IRIS Spark Streaming Connector

A Spark Structured Streaming source for Elexon's IRIS (Insights Real-time Information Service), the public AMQP feed of UK electricity market data.

Implemented as a native Python DataSource using pyspark.sql.datasource.SimpleDataSourceStreamReader. Requires Databricks Runtime 15.x+ (or open-source Spark 4.0+).

Semantics

At-least-once delivery. Messages are received in peek-lock mode and only acked (complete_message) when Spark calls commit() after the micro-batch is durably written. A driver crash mid-batch causes Service Bus to redeliver the un-acked messages once the lock expires.
Single driver-side receiver. IRIS exposes one connection per queue (Elexon: "It is only possible to have one connection per queue"), so parallel executor-side receive is not applicable.
Offsets are a monotonic in-process counter {"seq": <int>} checkpointed by Spark.
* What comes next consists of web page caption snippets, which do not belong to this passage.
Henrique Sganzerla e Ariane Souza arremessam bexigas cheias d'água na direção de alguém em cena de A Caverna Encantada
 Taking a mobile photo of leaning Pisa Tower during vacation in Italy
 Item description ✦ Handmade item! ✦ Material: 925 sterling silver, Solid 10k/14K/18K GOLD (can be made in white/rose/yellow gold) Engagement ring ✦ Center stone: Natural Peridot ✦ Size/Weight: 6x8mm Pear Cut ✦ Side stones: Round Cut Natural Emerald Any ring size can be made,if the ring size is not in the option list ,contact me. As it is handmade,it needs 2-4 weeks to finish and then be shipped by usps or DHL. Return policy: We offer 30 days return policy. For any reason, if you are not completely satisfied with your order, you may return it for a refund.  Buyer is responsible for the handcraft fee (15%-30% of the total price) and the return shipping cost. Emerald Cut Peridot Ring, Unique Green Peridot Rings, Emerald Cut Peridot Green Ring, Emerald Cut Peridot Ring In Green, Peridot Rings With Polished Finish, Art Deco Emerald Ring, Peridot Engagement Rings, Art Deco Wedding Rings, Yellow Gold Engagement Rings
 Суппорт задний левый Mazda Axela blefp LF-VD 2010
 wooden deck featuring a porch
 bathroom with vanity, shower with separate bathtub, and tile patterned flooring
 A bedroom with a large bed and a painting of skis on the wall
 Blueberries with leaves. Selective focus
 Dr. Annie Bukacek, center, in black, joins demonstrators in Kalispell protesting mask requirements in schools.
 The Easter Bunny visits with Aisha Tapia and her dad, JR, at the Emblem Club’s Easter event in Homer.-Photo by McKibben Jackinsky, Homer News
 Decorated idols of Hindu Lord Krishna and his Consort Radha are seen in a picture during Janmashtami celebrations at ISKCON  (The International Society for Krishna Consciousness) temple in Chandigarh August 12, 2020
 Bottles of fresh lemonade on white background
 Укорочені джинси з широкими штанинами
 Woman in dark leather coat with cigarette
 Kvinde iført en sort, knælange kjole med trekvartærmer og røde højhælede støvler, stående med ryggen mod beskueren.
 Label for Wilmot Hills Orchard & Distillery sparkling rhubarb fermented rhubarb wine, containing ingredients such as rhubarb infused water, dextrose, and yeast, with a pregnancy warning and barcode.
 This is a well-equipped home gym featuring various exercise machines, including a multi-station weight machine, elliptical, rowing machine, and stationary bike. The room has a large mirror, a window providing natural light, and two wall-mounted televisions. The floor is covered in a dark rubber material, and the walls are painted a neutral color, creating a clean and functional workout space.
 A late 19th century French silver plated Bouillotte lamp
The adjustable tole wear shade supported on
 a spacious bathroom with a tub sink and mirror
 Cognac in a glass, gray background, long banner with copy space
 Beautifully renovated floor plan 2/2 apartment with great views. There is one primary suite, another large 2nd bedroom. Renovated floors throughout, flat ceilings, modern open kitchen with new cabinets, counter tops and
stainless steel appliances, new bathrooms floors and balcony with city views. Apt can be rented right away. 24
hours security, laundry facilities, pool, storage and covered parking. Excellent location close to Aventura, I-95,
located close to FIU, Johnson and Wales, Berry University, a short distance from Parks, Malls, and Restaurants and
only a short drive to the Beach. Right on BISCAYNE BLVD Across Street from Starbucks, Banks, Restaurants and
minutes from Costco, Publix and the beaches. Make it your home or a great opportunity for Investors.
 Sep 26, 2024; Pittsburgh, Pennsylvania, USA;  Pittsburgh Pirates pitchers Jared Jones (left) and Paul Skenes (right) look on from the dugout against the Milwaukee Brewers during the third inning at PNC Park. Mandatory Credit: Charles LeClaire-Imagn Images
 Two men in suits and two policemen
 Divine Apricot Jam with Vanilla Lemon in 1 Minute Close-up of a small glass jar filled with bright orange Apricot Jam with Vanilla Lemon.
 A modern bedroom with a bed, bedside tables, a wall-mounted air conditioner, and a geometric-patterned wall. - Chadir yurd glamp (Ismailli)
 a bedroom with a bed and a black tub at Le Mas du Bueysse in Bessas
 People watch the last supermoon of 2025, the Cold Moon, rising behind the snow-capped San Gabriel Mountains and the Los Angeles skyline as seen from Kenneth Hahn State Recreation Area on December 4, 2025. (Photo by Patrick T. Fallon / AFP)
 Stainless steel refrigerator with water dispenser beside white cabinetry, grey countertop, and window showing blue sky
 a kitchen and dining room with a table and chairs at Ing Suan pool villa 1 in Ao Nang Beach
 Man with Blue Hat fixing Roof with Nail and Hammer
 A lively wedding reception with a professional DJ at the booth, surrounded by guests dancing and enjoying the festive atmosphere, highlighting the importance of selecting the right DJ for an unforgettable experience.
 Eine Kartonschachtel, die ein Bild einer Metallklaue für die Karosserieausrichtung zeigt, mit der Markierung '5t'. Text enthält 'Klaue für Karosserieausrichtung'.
They are not durable across query restarts in the source — replay across restarts relies on Service Bus redelivery.

Install

On a Databricks cluster:

%pip install /Workspace/path/to/iris-pyspark-connector
# or from a wheel on a UC Volume:
%pip install /Volumes/main/libraries/iris/iris_pyspark_connector-0.2.0-py3-none-any.whl

Locally (for tests):

pip install -e .[dev]

Credentials

Create a Databricks secret scope and load three keys:

databricks secrets create-scope iris
databricks secrets put-secret iris iris-client-id     --string-value <CLIENT_ID>
databricks secrets put-secret iris iris-client-secret --string-value <CLIENT_SECRET>
databricks secrets put-secret iris iris-tenant-id     --string-value <TENANT_ID>

Obtain credentials by registering at bmrs.elexon.co.uk/iris.

Usage

Resolve credentials in the notebook (the data source runs in an isolated subprocess where dbutils is unavailable) and pass them as options:

from iris_connector import register

register(spark)

client_id     = dbutils.secrets.get("iris", "iris-client-id")
client_secret = dbutils.secrets.get("iris", "iris-client-secret")
tenant_id     = dbutils.secrets.get("iris", "iris-tenant-id")

df = (
    spark.readStream
    .format("iris")
    .option("fully_qualified_namespace", "<your-iris-namespace>.servicebus.windows.net")
    .option("entity_path", "<your-iris-queue-uuid>")
    .option("client_id", client_id)
    .option("client_secret", client_secret)
    .option("tenant_id", tenant_id)
    .load()
)

(
    df.writeStream
    .format("delta")
    .option("checkpointLocation", "/Volumes/main/default/iris/_checkpoints/raw")
    .trigger(processingTime="500 milliseconds")
    .toTable("main.default.iris_raw")
)

Deploy via Asset Bundle

The repo ships a Databricks Asset Bundle (databricks.yml) that builds the wheel, provisions a UC Volume for checkpoints, and deploys examples/quickstart.py as a serverless Job. The bundle has no environment-specific values committed — workspace, catalog, and Elexon-portal-derived values are all supplied at deploy time.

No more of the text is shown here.